Existing law and its implementation was based on the premise that hazardous wastes should not be exported from the European Union to non-OECD countries.
“There is no reason to exclude ships from this,” Dr Ormond said.
“Waste is considered to be any substance which the owner discards or intends to discard. Ships are not exempt. Even if 99% of materials from a ship are reused, when an owner sends his ship for dismantling he shows his intention to recycle.
“Recycling is one of the ways of waste management. The fact that a ship moves by its own force does not exclude it.”
Voluntary commitments made by industry to deal with the problem of ship recycling were welcome and “might be the most effective way of dealing with it. However, we have to see if that is a realistic solution or whether we need legislation”.
Dr Ormond said that not one of the dismantling yards in India, Bangladesh and Pakistan had containment facilities, while there was also little in the way of waste reception facilities.

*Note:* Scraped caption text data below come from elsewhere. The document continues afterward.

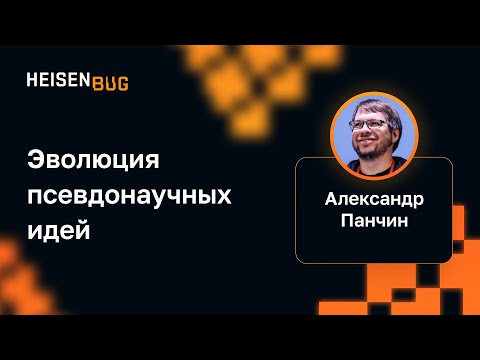 Александр Панчин — Эволюция псевдонаучных идей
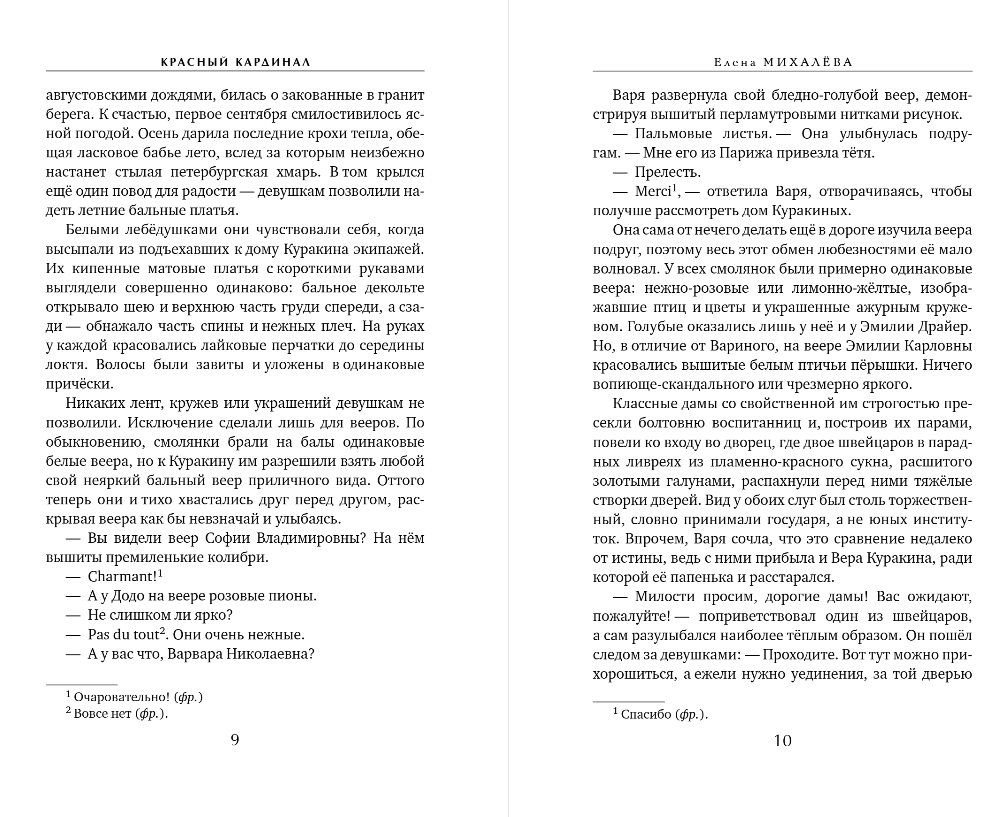 Художественная книга Эксмо Красный кардинал, твердая обложка (Михалева Елена) — фото 5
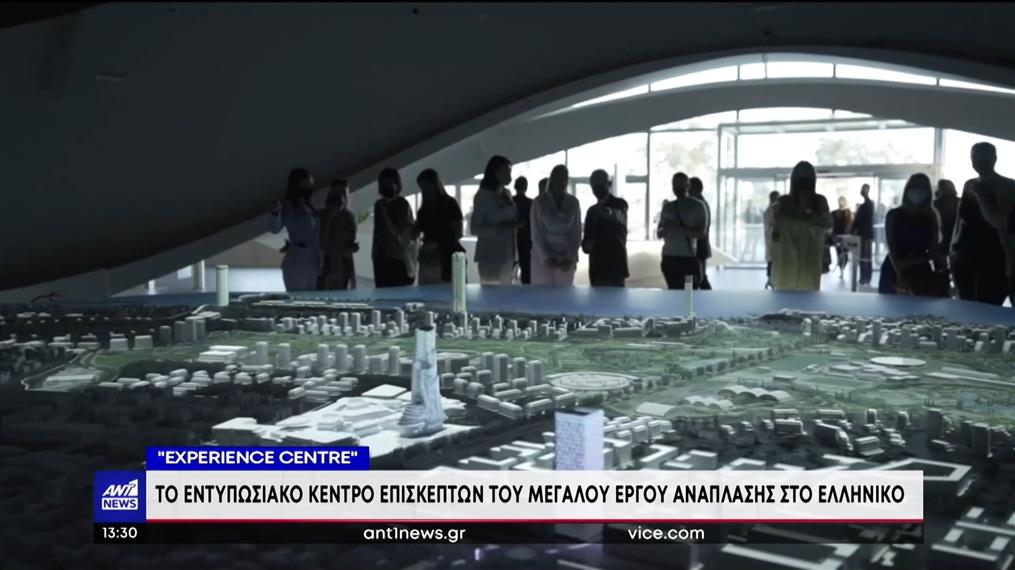 Ελληνικό: Το «Experience Centre» παρουσιάστηκε από την Lamda Development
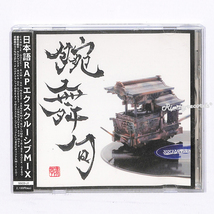 【CD/邦①】DJ A-1 /腕舞句　~Gocci Rumi 悠然 Abnormal Blum@ Hisomi TNP Shigo2 Gebo Pony 韻踏合組合 Baka De Guess? Killer Bong_画像1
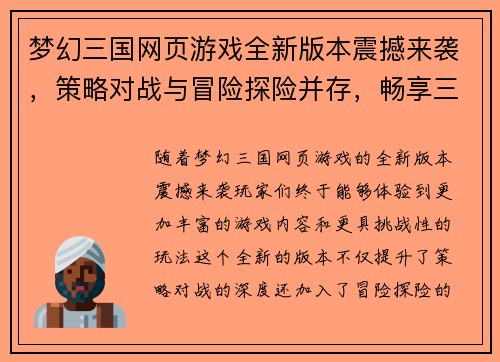 梦幻三国网页游戏全新版本震撼来袭，策略对战与冒险探险并存，畅享三国盛宴！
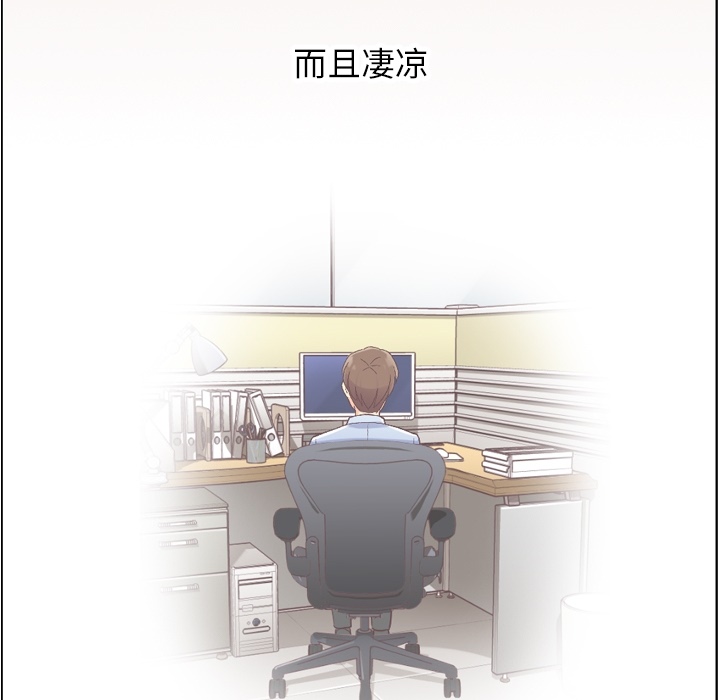 《郑主任为何这样》漫画最新章节郑主任为何这样-第 30 章免费下拉式在线观看章节第【23】张图片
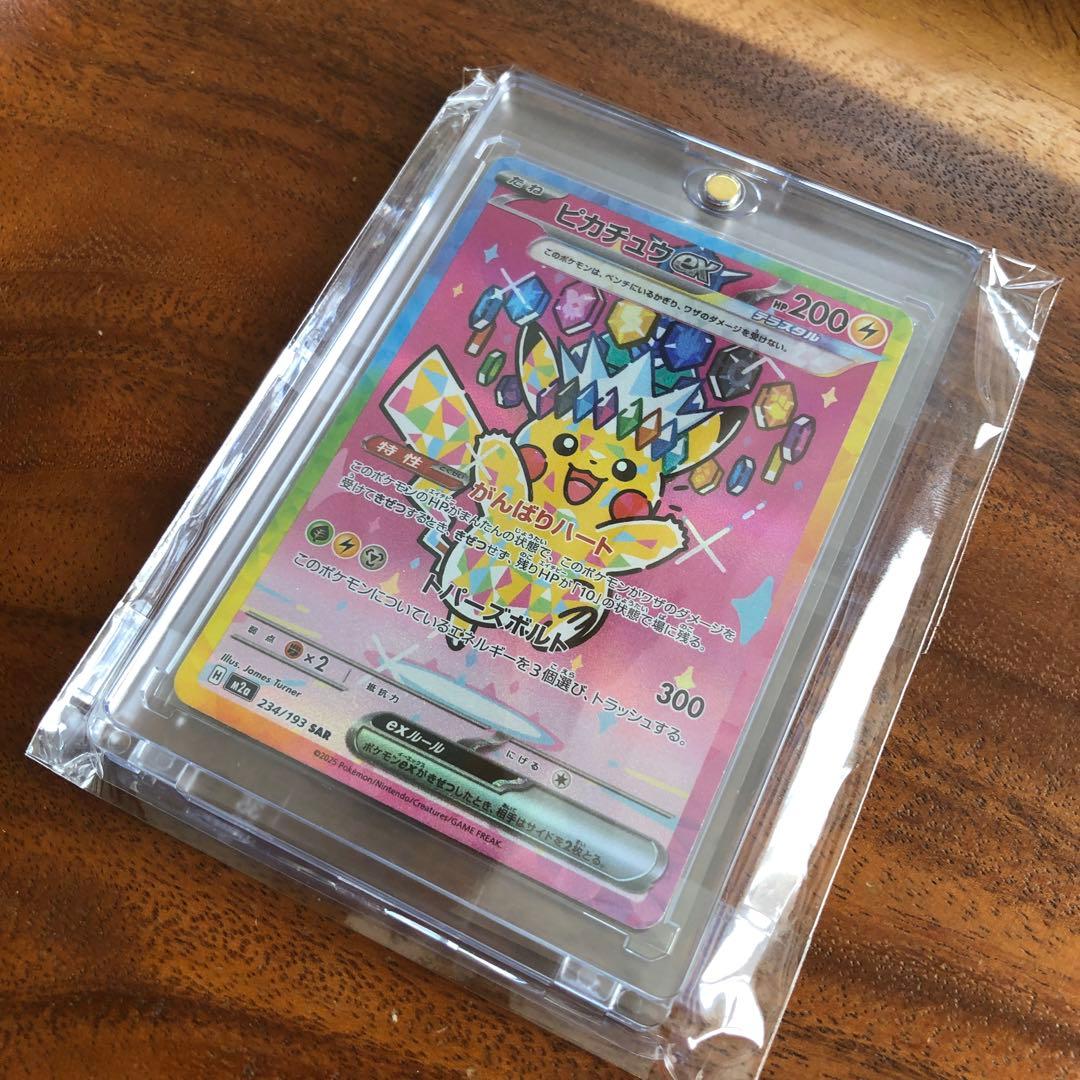 ポケモンカード　ピカチュウ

With a recent study from India suggesting that as many as one in six workers in the Alang shipbreaking yard were suffering from asbestosis, “we have a waste problem and from the waste point of view ships are one of the main streams of hazardous waste to southern Asia”.
Dr Ormond said the most important thing happening now was the development of an IMO Convention on ship recycling. However, because such a convention was not expected to be adopted before 2008-2009 and IMO instruments took an average of six years to be ratified, other action was required.
With around 1,300 single-hull oil tankers to be phased out by 2015, “asbestos-ridden warships and passengerships of the 1960s and 1970s coming up for dismantling” and 25% of end-of-life merchants being now or having once been EU-flagged, he added: “We have a moral responsibility from which we cannot exempt ourselves.
“One thought is how any sustainable and environmentally acceptable and safe ship disposal could be funded long term. Is it public money, state aid to developing countries or structural funds to facilities within the EU? Or is it not better to think of a solution where the polluter pays? This will be given some thought in the Green Paper.”
The EC had also commissioned a study on ship dismantling and pre-cleaning of ships due to report next spring. It would include a “review of governance” considering the IMO draft convention and “look to see if there are any gaps where we can make it more effective”.
For example, the IMO convention would probably not cover government vessels, or smaller ships of 400-500 gt. Warships would also be on the EC’s agenda.
Most significantly, perhaps, consideration would have to be given to single hull tankers due to be phased out before the IMO convention was likely to be ratified.
The extent of the EC’s reach was also up for discussion. Dr Ormond said: “Rules for EU-flagged vessels would not work in a worldwide context. Such a legislative limit would lead only to mass reflagging.
“We should rather have, probably, the port or the trading with Europe as the significant point.
“If we cannot agree to that sort of rule any legislation would be in doubt.”